== SUPPLIED DATA ==
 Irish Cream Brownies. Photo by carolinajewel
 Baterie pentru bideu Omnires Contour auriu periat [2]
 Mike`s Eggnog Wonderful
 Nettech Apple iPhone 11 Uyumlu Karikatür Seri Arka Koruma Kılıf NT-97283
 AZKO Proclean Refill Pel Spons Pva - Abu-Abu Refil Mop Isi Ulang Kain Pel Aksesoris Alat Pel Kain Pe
...
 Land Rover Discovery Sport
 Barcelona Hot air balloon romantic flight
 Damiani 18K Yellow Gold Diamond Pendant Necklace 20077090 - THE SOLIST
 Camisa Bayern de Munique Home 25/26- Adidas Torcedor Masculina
==
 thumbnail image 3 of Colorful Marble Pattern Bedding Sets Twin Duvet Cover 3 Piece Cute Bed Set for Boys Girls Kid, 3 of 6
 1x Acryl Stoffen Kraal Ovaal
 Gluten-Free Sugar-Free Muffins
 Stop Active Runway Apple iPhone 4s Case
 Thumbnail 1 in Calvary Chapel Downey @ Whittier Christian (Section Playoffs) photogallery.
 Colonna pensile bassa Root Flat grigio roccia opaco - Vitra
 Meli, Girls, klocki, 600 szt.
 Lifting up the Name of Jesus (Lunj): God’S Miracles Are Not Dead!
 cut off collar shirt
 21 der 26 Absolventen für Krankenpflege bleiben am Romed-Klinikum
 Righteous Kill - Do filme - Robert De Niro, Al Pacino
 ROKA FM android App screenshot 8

== ASSIGNED TASK ==
Your task is to copy each line of the listing that holds the word "iPhone".

== OUTPUT BELOW ==
 Nettech Apple iPhone 11 Uyumlu Karikatür Seri Arka Koruma Kılıf NT-97283
 Stop Active Runway Apple iPhone 4s Case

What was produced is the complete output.